2. Are there faster ways than awk to grab values in a line?

Let's say I have the tab-delimited line:

abc 123 345 0.52

What I'd like to do is get the second and third values, or the fourth value, as quickly as possible. Is there a better way than awk? Will a perl or other interpreted language script run faster than a shell script for scraping values from a text file?

3. Arithmetic with bash?

I've been doing $((${value1}+${value2})) for integer arithmetic and calc ${value1} / ${value2} for floating point arithmetic within bash. Will I gain a performance benefit from switching over my code from bash to another shell script language, or to another interpreted language entirely?

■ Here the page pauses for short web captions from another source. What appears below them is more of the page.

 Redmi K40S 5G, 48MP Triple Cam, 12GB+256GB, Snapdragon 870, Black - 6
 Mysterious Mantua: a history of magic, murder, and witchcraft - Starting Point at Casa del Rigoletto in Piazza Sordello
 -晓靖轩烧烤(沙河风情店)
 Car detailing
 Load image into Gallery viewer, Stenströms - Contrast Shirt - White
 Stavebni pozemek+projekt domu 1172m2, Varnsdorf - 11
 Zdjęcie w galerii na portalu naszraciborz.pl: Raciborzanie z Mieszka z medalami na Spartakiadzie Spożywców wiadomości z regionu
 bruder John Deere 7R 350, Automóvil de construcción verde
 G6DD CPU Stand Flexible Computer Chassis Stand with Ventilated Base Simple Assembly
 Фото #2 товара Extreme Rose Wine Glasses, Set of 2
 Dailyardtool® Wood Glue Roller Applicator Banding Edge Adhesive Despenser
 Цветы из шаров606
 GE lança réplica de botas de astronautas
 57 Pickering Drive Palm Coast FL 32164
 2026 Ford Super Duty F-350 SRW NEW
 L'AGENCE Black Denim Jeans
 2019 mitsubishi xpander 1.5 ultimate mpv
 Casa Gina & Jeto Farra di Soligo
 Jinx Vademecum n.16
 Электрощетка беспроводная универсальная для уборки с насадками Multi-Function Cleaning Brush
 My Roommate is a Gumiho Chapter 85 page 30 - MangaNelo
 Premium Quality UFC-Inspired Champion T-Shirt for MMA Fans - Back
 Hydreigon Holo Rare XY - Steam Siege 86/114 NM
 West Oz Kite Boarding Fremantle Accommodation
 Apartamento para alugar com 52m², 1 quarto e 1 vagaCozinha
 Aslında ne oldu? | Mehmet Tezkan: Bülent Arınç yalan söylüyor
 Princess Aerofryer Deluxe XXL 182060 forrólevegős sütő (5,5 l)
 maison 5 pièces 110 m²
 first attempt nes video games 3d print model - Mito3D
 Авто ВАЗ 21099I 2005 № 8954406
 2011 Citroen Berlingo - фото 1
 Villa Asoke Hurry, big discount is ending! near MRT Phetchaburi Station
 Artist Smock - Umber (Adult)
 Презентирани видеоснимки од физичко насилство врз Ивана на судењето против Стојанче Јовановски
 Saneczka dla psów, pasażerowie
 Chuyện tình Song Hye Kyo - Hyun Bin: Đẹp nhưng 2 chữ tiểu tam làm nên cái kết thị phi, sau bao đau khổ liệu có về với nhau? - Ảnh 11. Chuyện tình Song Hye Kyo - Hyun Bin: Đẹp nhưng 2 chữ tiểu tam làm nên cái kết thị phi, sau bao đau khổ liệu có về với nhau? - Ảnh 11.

Thanks for any and all tips and tricks.

By: wongcorgi

wongcorgi — Fri, 09 May 2008 14:42:10 -0800

I'm no expert in my known programming language, but if you linked to some sample file, I'd be happy to write a short script to parse and time it.

By: nomisxid

nomisxid — Fri, 09 May 2008 15:09:14 -0800

for #2 like jobs, I generally use "cut". You can define cuts by character position, or field-position, as well as defining your separator character, eg.

cut -d '\i' -f 2,3 <> outfile.out

By: nomisxid

nomisxid — Fri, 09 May 2008 15:10:42 -0800

d'oeth, that example should be

cut -d '\i' -f 2,3 < tabfile.in > outfile.out

By: rhizome

rhizome — Fri, 09 May 2008 15:28:14 -0800

The good thing about shell scripts is that you're already running in the interpreter (so to speak). Perl and other external scripty languages will require a separate interpreter to be run. While Perl may internally be faster at some things, bash/csh/sed are also coded in C and plenty fast on their own, so the differences should be minimal at best.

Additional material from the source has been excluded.